- **DATA FOR ANALYSIS**
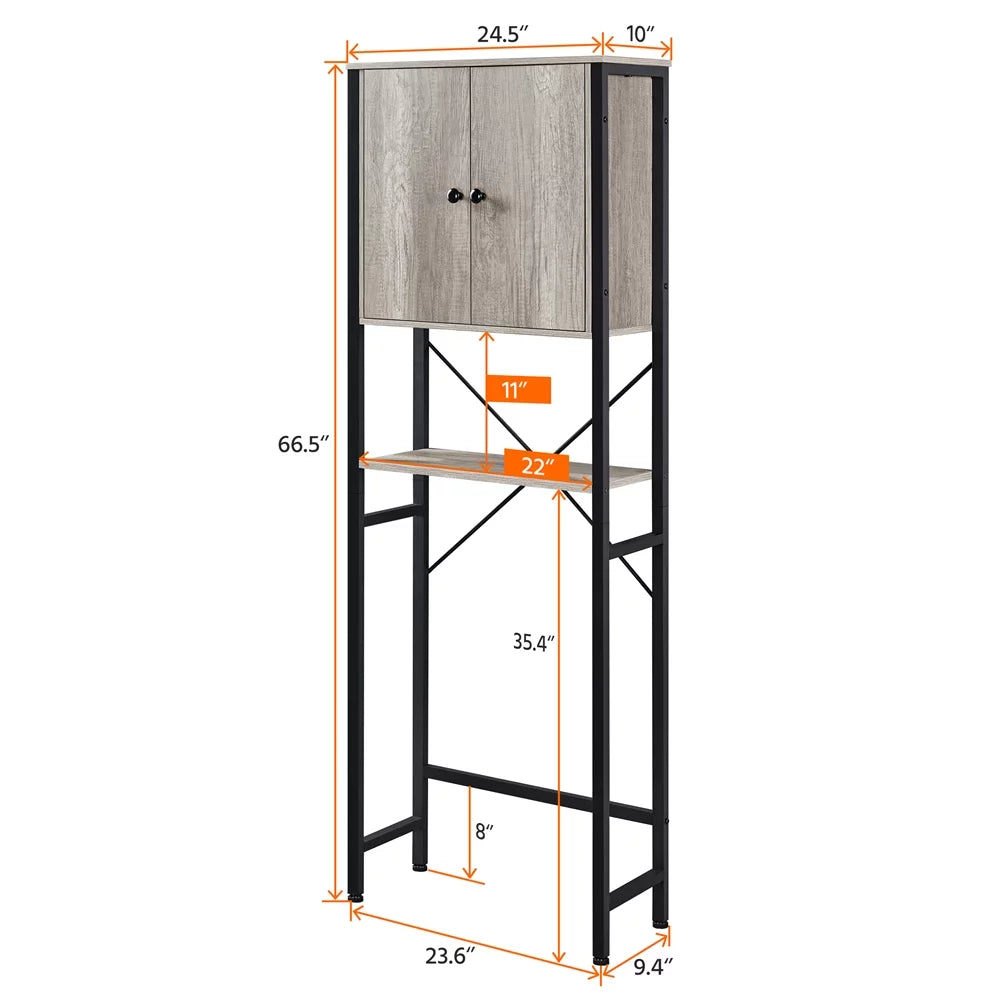 Gray 3-Tier Over the Toilet Storage Cabinet with Shelf J245927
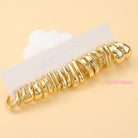 6 PAIRS-36 PAIRS Trendy Golden C-shaped, Water-droplet, Threaded Earring Set -
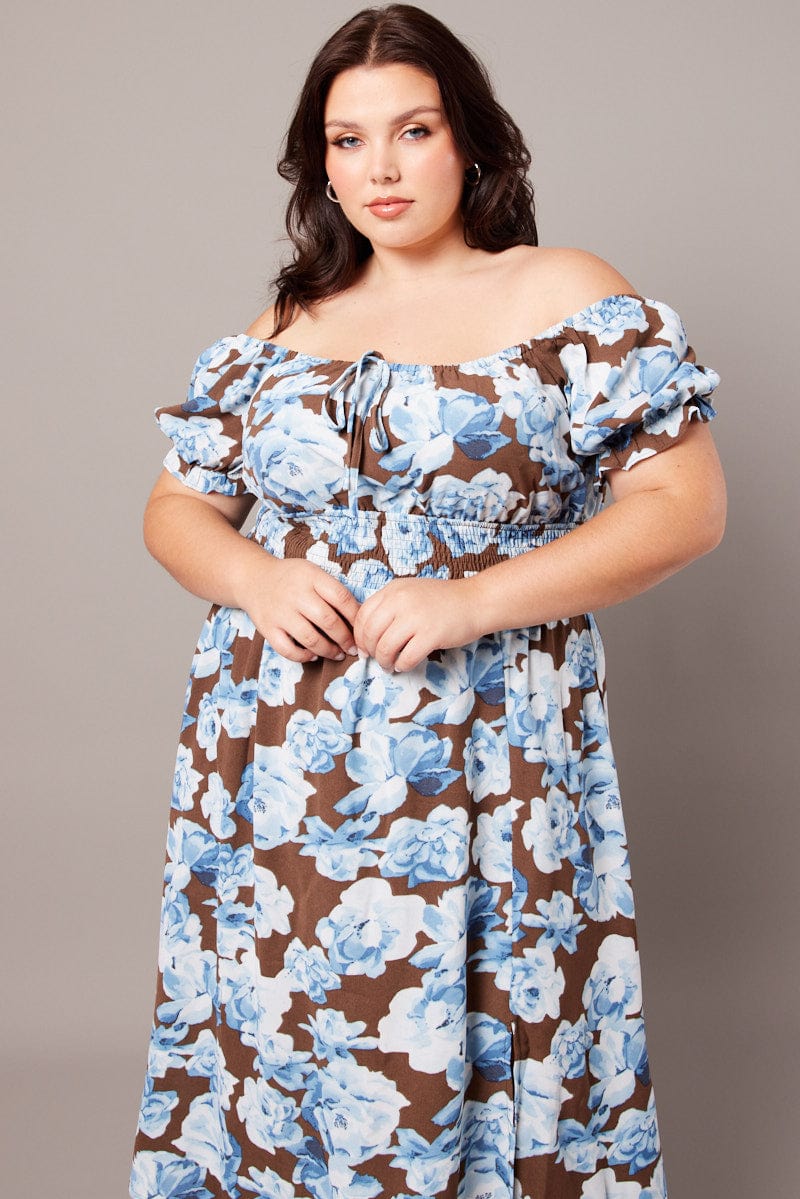Brown Floral Midi Dress Short Sleeve Ruched Bust for YouandAll Fashion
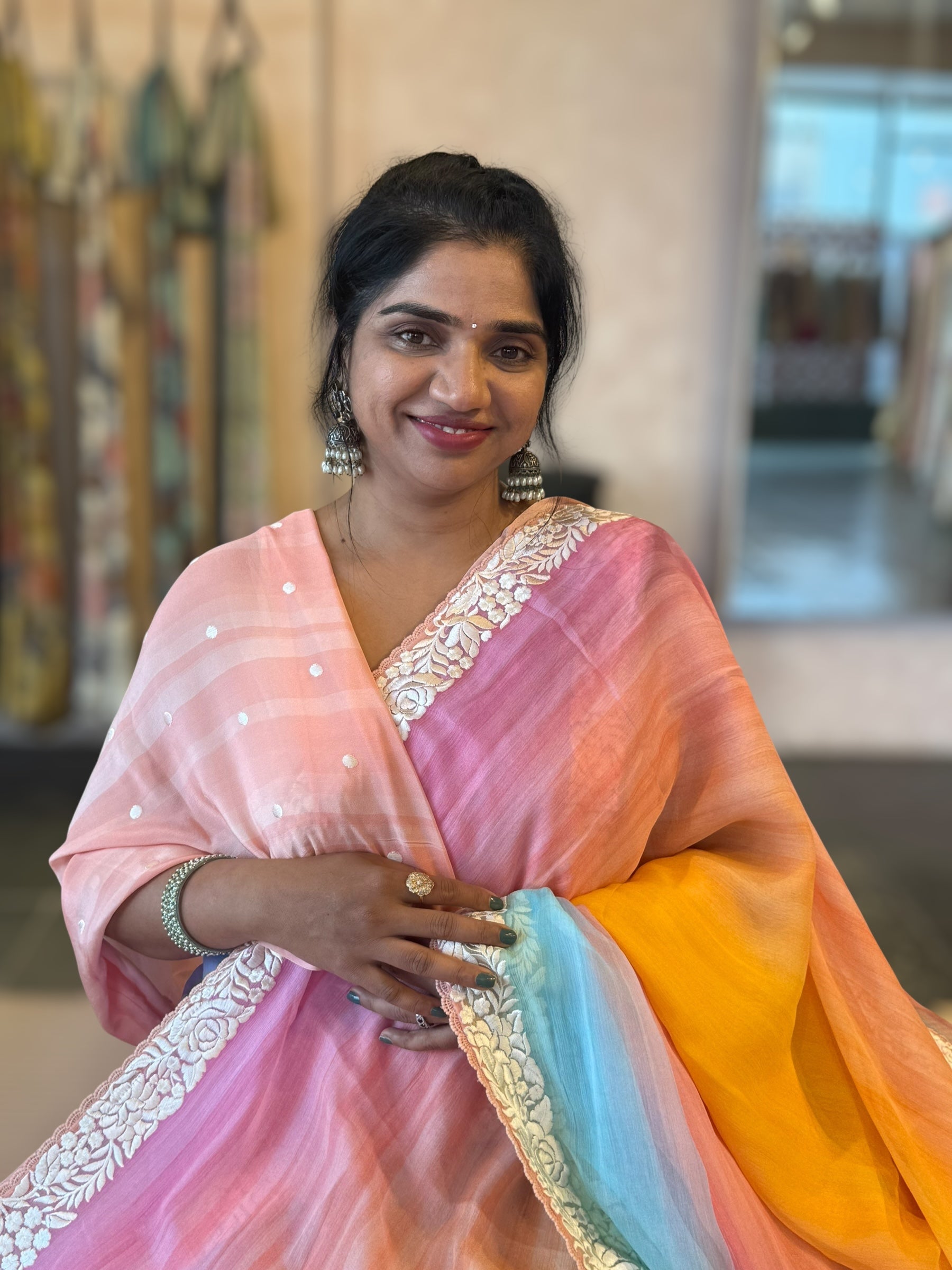 Pure Chiffon Saree with Ombre Brush dyeing & Parsi Gara Embroidered Border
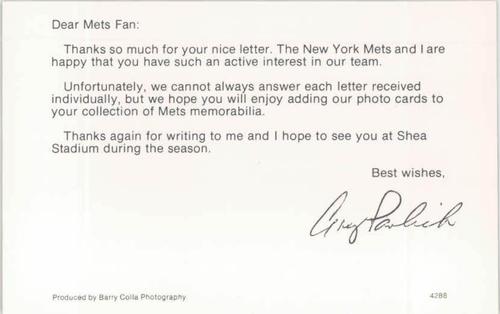 1988 Barry Colla New York Mets Postcards #4288 Greg Pavlick Back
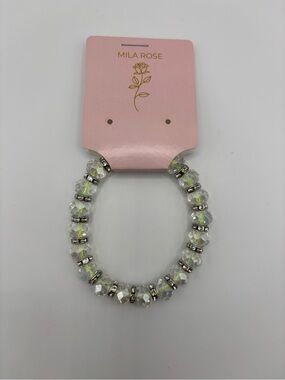Mila Rose Clear Iridescent Crystal Stretch Bracelet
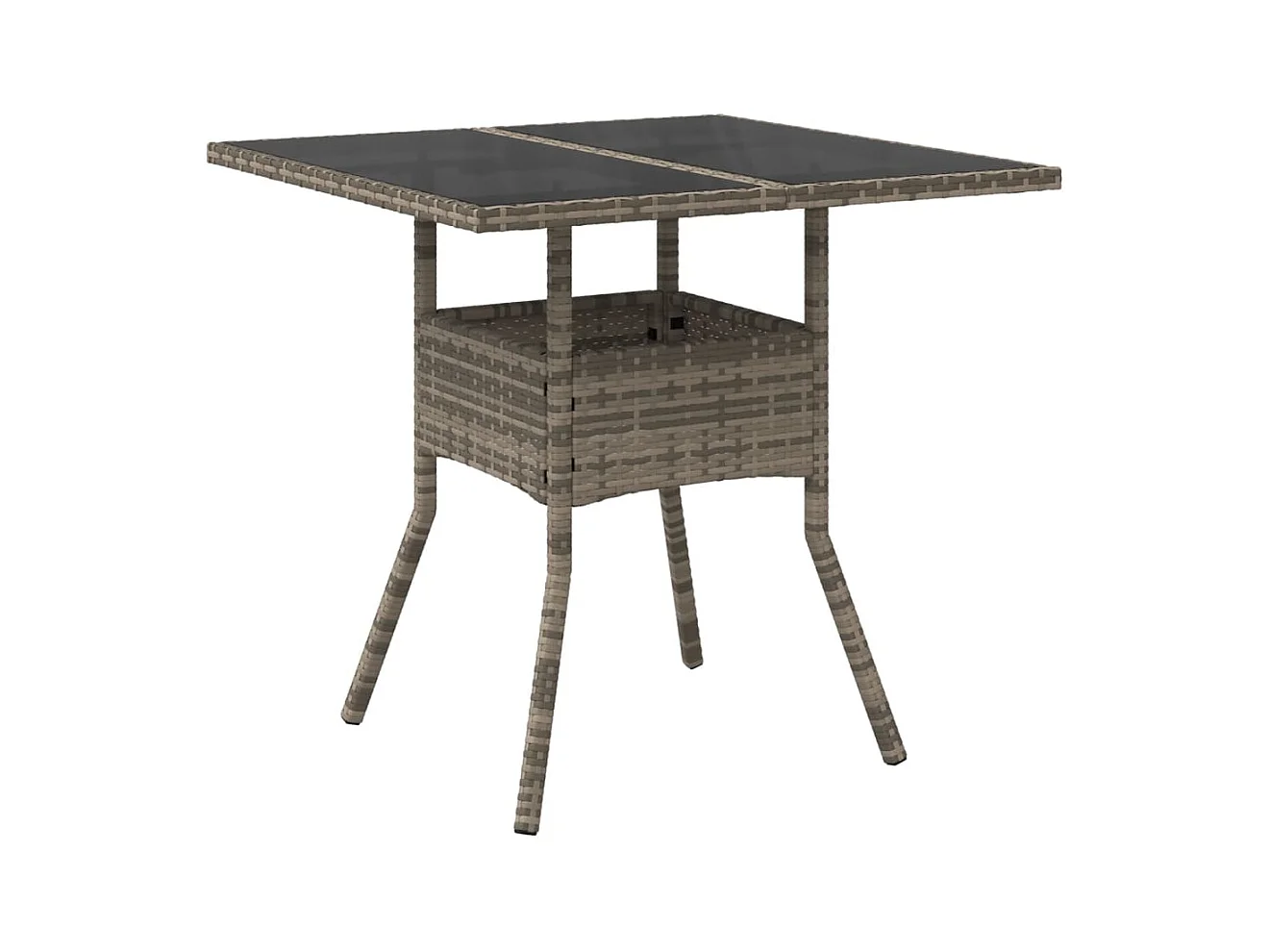 Tuintafel met grijs glazen blad 80x80x75 cm geweven hars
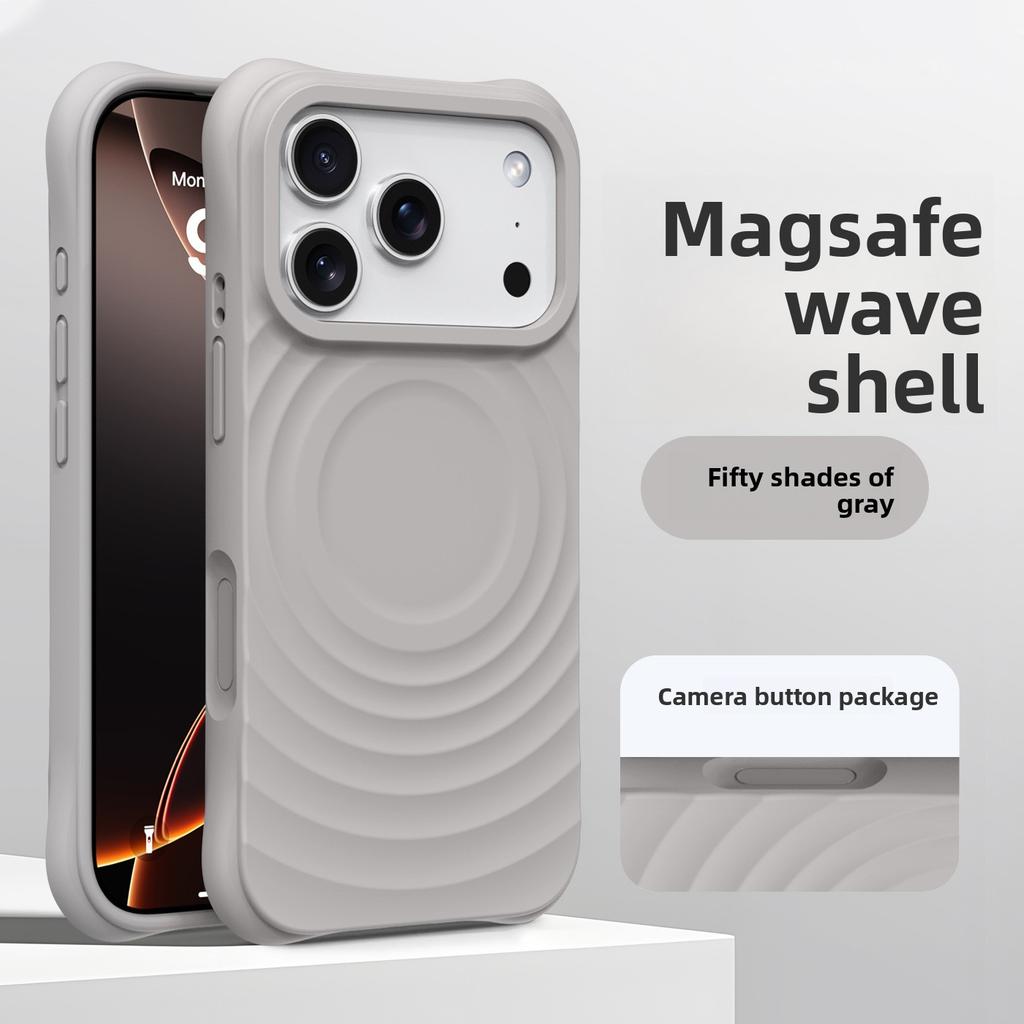 Магнитный, Волнообразный Жидкий Силиконовый Чехол для IPhone 17, Полное Покрытие с Ощущением Кожи, Защитный Чехол для Apple 16 Pro Max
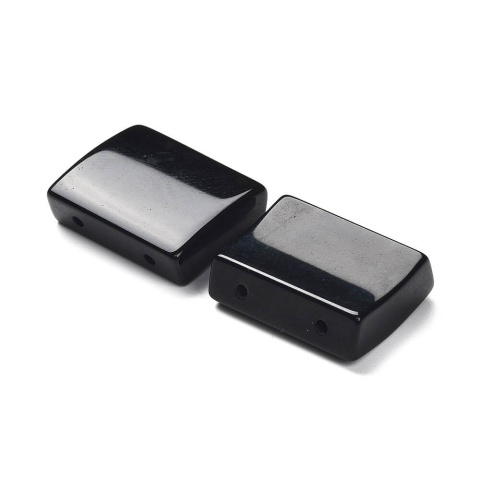 Obsydian prostokąt dwudziurkowy 20x16 mm 1 szt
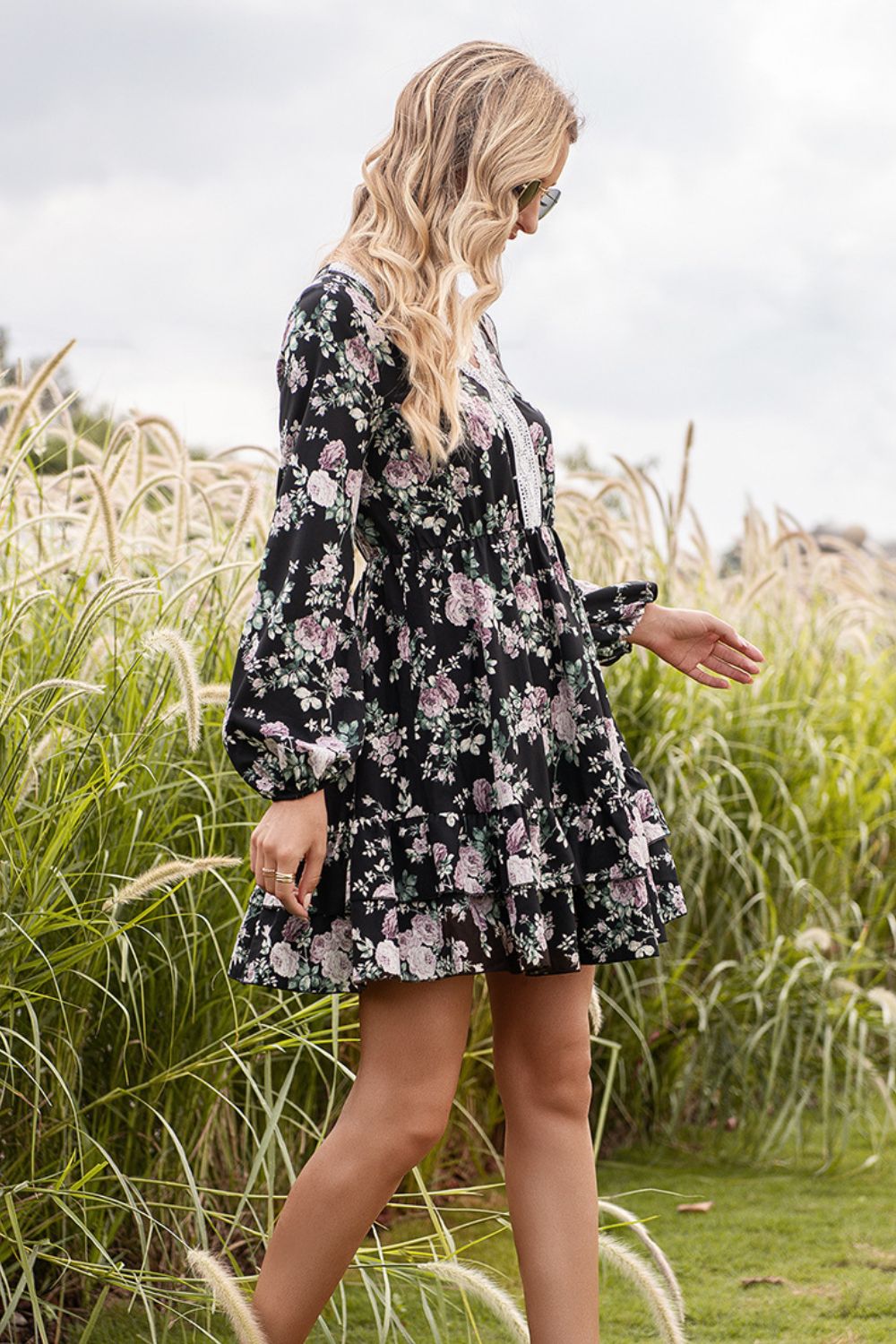 Floral Lace Trim Long Sleeve Dress BLUE ZONE PLANET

- **WORK TO BE COMPLETED**
The lines from the start of the data through the line that contains "Brown Floral Midi" are to be returned exactly, please, with both ends included and every picture left out.

- **OUTPUT FOR THIS EXERCISE**
 Gray 3-Tier Over the Toilet Storage Cabinet with Shelf J245927
 6 PAIRS-36 PAIRS Trendy Golden C-shaped, Water-droplet, Threaded Earring Set -
Brown Floral Midi Dress Short Sleeve Ruched Bust for YouandAll Fashion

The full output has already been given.